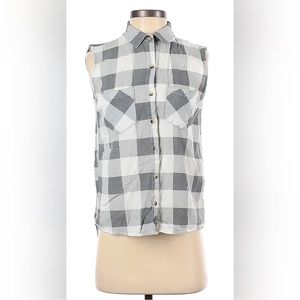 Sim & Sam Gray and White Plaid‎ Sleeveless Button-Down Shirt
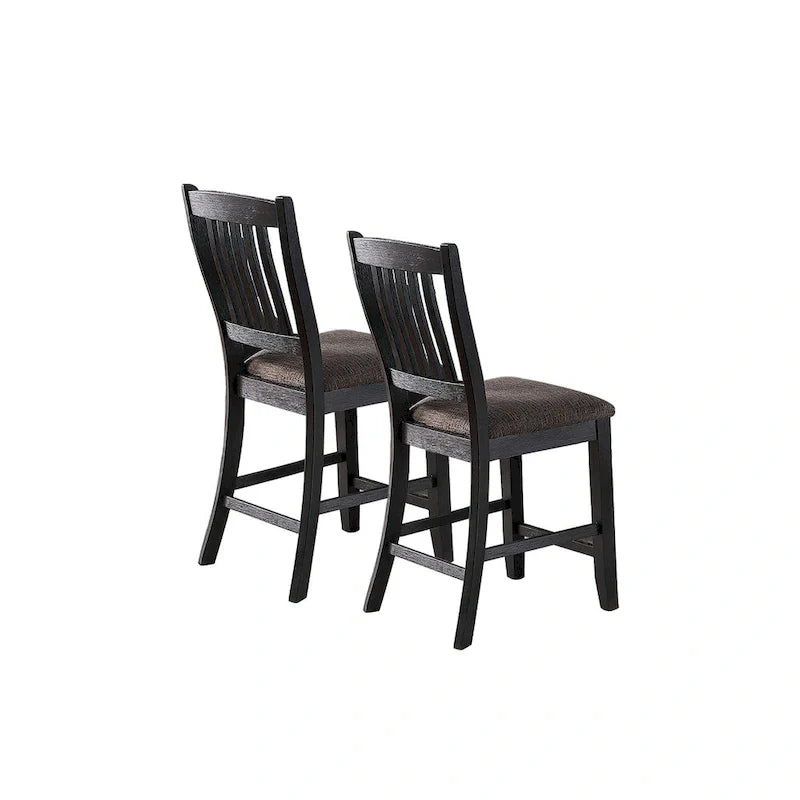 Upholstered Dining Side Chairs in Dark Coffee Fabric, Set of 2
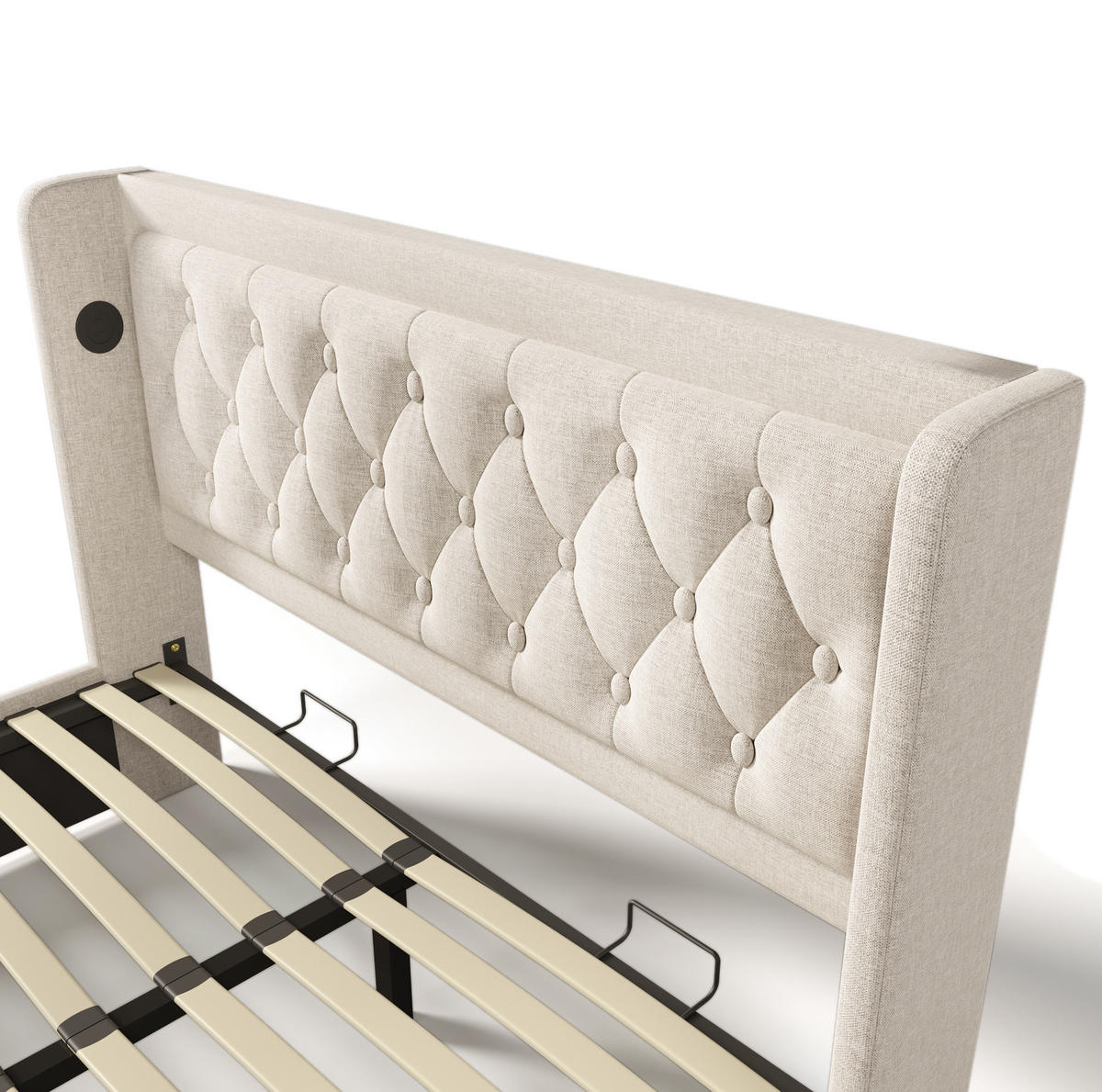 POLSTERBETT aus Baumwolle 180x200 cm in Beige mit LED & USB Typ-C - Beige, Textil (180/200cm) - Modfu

#####

**About this exercise**
Repeat the whole listing above word for word. Leave out the pictures.

**Exercise response**
 Sim & Sam Gray and White Plaid‎ Sleeveless Button-Down Shirt
 Upholstered Dining Side Chairs in Dark Coffee Fabric, Set of 2
 POLSTERBETT aus Baumwolle 180x200 cm in Beige mit LED & USB Typ-C - Beige, Textil (180/200cm) - Modfu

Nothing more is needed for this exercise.